▶ _Exercise aim_
I need the lines from the one holding "Banderas The Golden" to the last line of the data below repeated exactly, both included, without pictures.

▶ _Information_
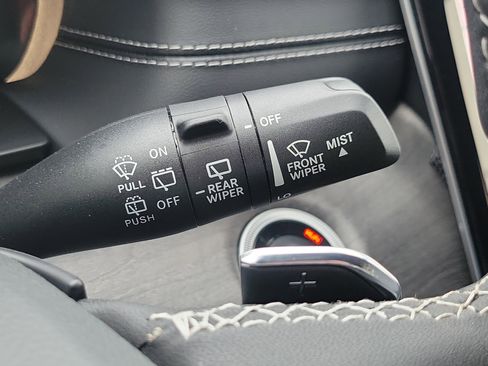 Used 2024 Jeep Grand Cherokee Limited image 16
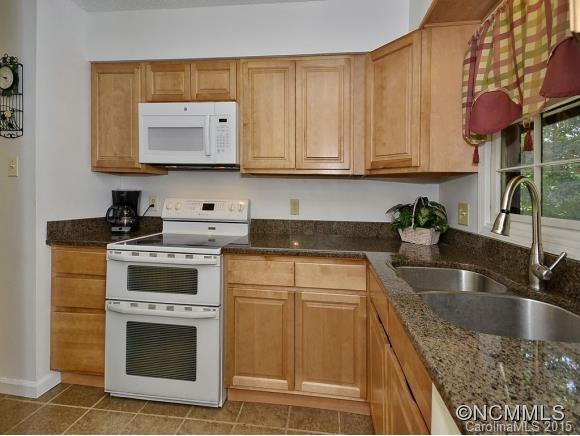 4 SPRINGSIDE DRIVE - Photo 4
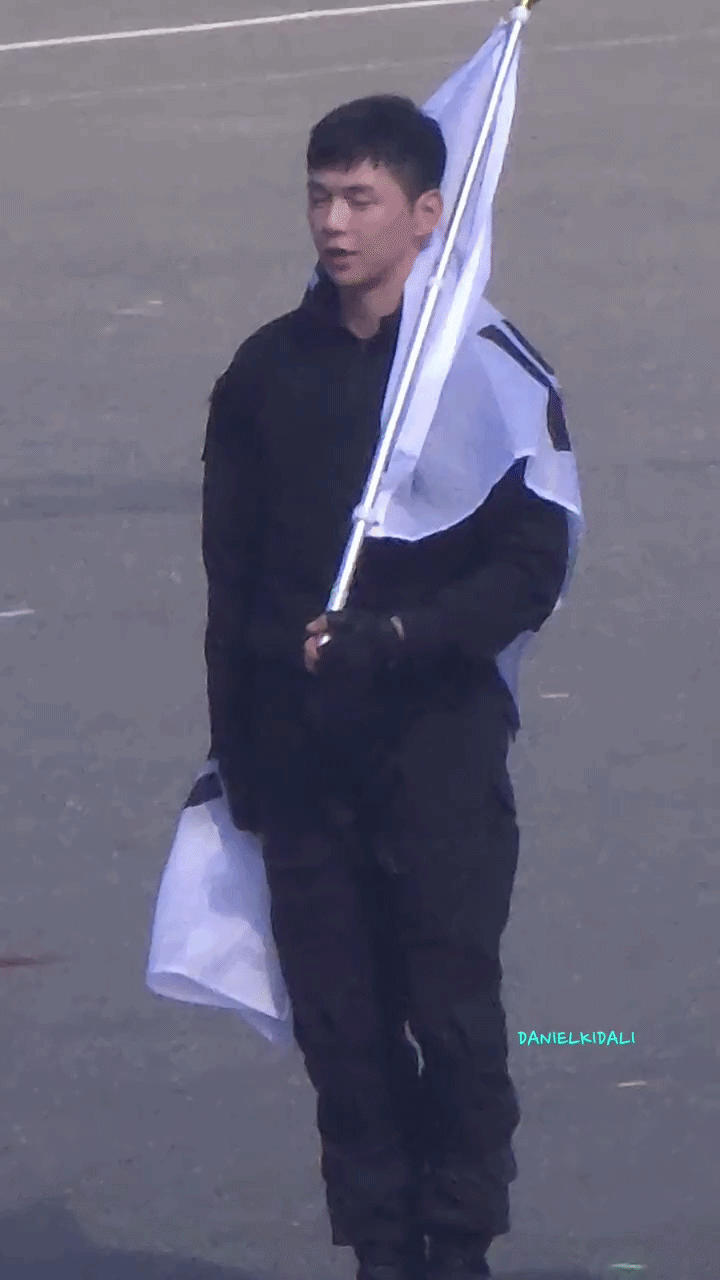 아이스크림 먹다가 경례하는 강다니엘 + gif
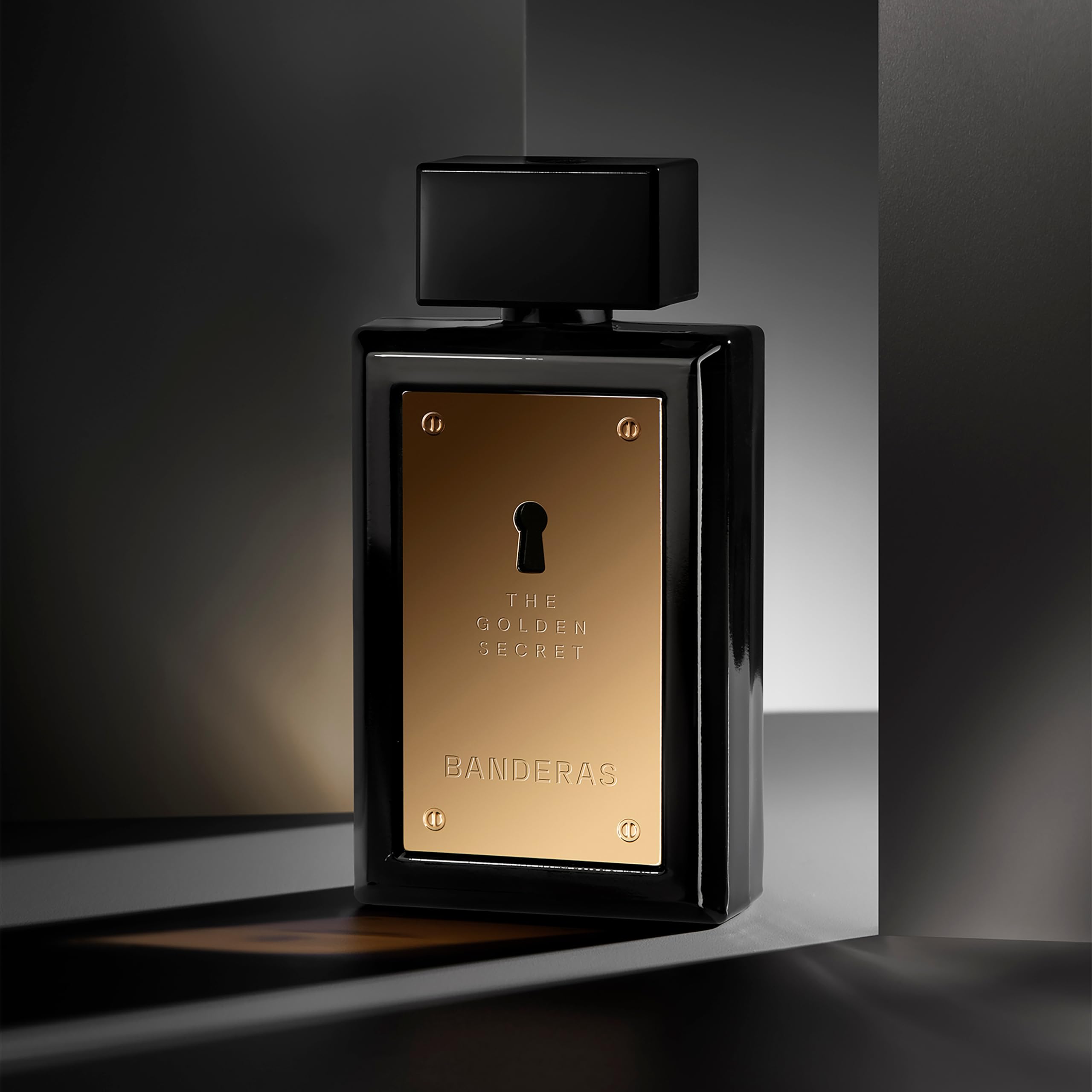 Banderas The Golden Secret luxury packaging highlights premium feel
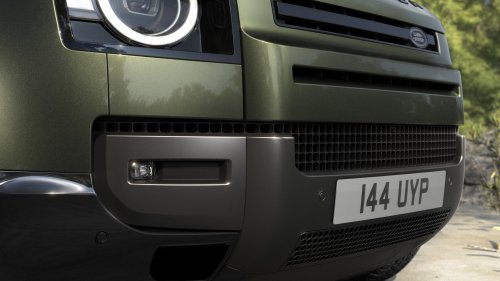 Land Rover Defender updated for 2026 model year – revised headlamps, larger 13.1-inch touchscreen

▶ _Exercise output_
 Banderas The Golden Secret luxury packaging highlights premium feel
 Land Rover Defender updated for 2026 model year – revised headlamps, larger 13.1-inch touchscreen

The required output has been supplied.